Sometimes they flow so freely, it’s like phrases are dancing through the room just waiting to land on the page. Other times they gasp for air, wanting desperately to be given life — no matter how hard I struggle to find them, to shed light on them.
And it turns out, this intense process and struggle isn’t entirely internal. There are days — a lot of them really — when my thoughts are accompanied by tears. Sometimes a simple drop rolls quietly down my face. Those are the days I think my emotional explorations may have gone unnoticed by the faces around me. But some days? Well, some days I can truly feel my heart opening up, and it doesn’t look so pretty. My awkward eye wiping and sniffling becomes dramatically more obvious, and — I imagine — totally strange to the average onlooker.
I had one of those days last week. The last time I was here. I walked into this Starbucks with a puffy face and a hurting heart — trying to make sense of a painful situation by turning it into a story. That’s how I work.
I wanted desperately to imagine that I was anonymous that day. That if the baristas — and the other familiar faces surrounding me — didn’t really know who I was, that they might not notice my heartache, my struggle.

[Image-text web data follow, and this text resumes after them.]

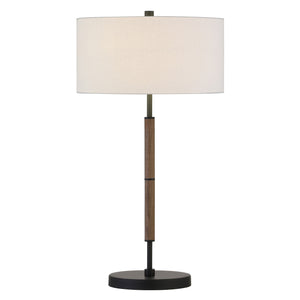 Homeroots 25" Brown And Black Metal Two Light Table Lamp With White Drum Shade   524306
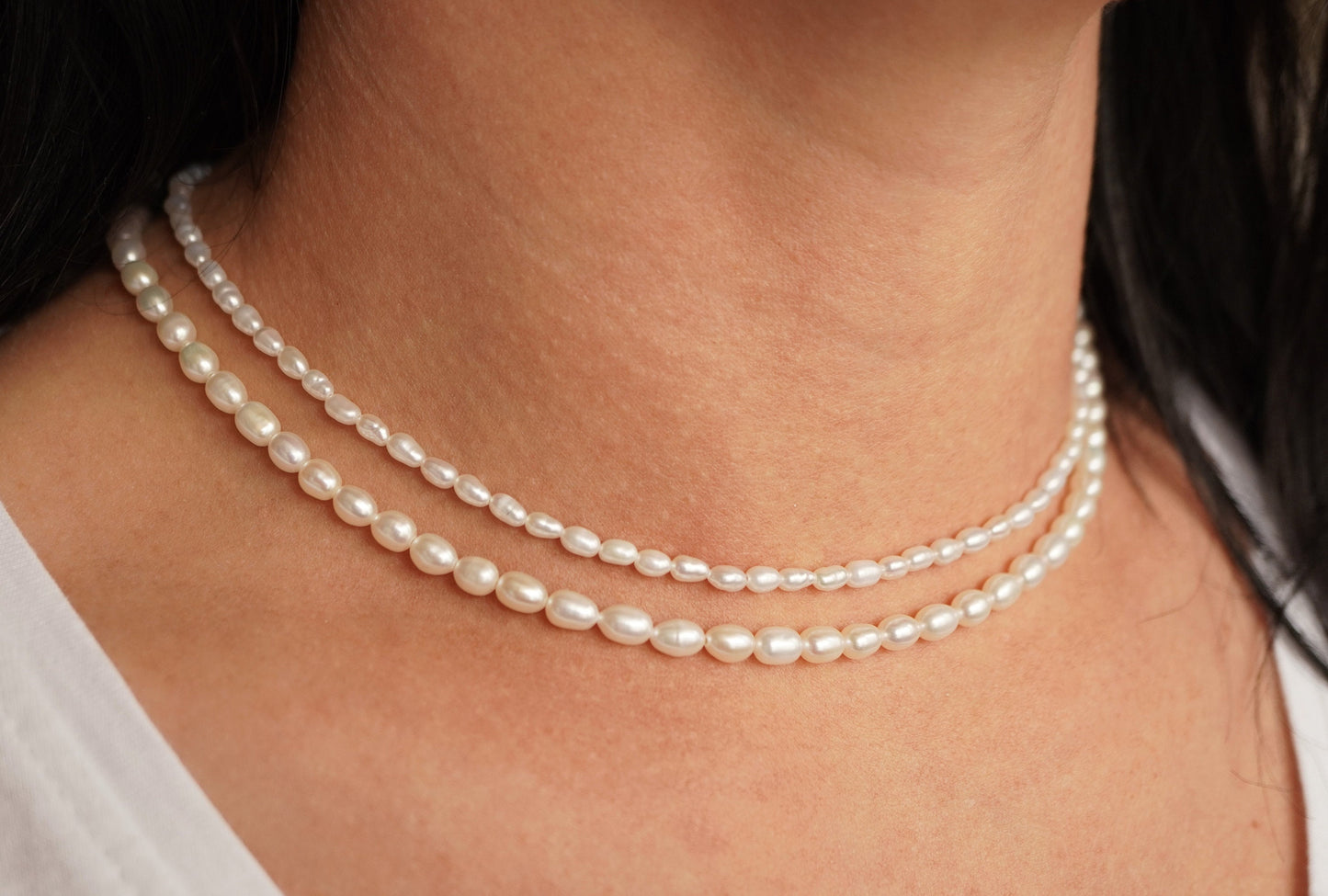 Freshwater Pearl Sterling Silver Choker * Pearl Jewellery * Bridesmaid gift * Gift for her * Feminine * Layered necklace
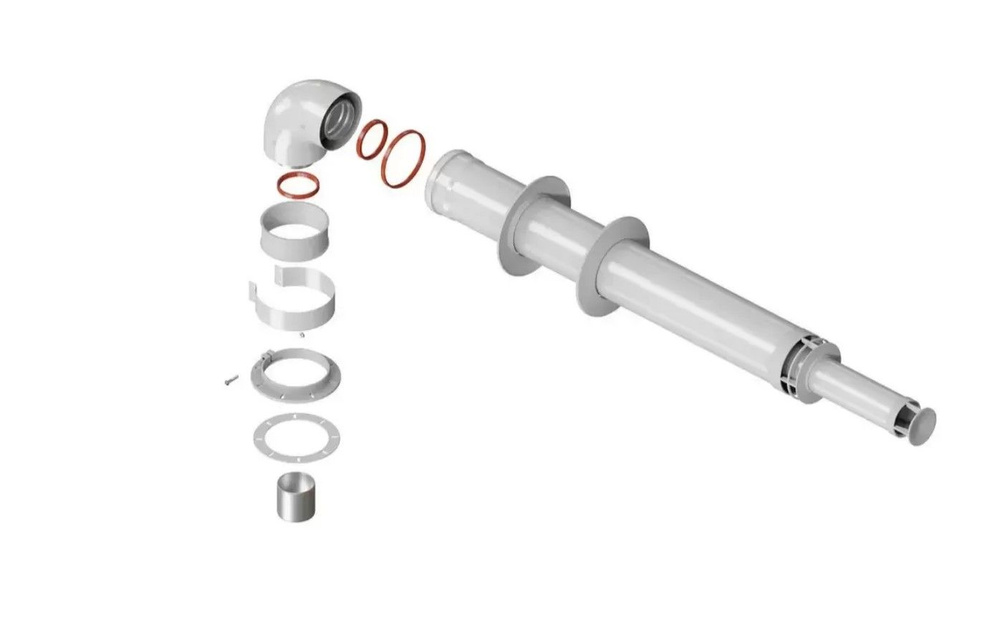 Комплект коаксиального дымохода 60/100 мм Универсальный Антилед ТЕРМОХОД К-1 (1220мм), для газовых котлов #1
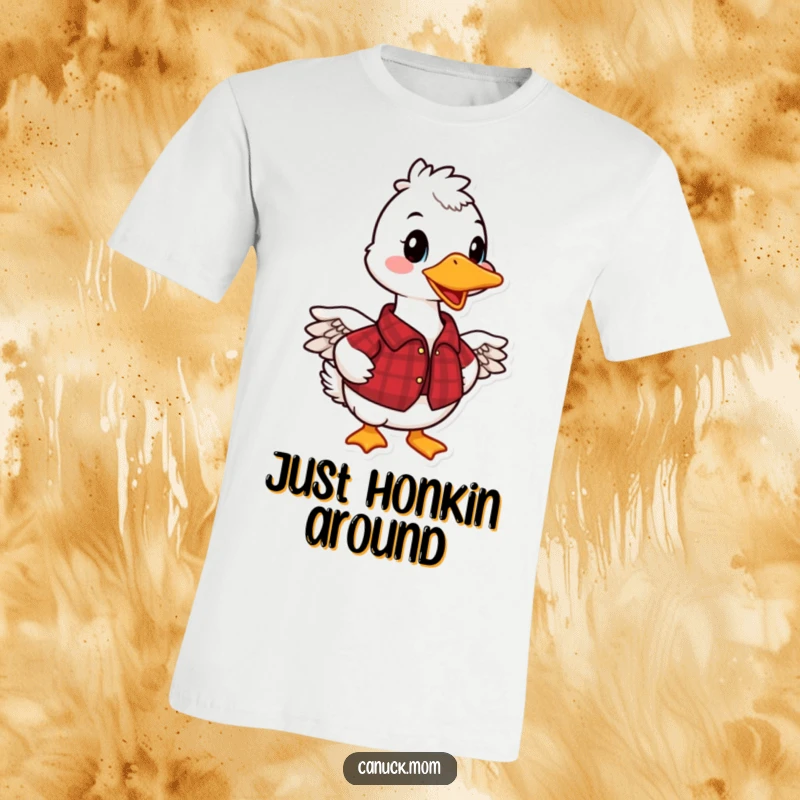 Funny Canadian Goose T-Shirt showing a smiling goose in a red plaid shirt, perfect for outdoor lovers and a funny gift.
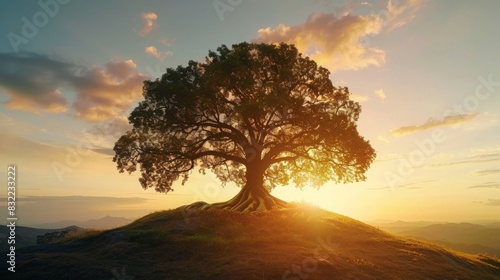 Depict the patience of long-term investing with an image of a majestic oak tree growing steadily over time, symbolizing the power of compound interest --ar 16:9 --style raw © songwut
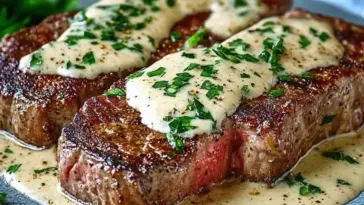 Two thick, pan-seared steaks topped with creamy garlic sauce and garnished with fresh parsley, served on a plate with sauce pooled around the meat.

And I’m guessing, that’s the day they realized it. That they didn’t know that lady’s name. Because that day I wasn’t the girl next door. I was the lady who was crying.
But now? Now I’m Amy. Not just the lady who cries. The Amy who cries. And I feel like I need to explain it. To tell them that if they read the words that I ripped from my soul that day, they would get it. That’s silly, I know. They’re simply being friendly by saying hello. It’s even a bit of a game, I bet, to remember people’s names and orders. They don’t need to — want to — know the whats and the whys on my screen.
But I do. So I return. To Starbucks. To my keyboard. To my soul.
And I write.
Note: I wrote this a few weeks ago, but didn’t really know if it had a place here on my parenting blog. But today, as I teared up again reading and writing, I figured this is my place to share my truths. All of them. And this is just one of those. So here it is.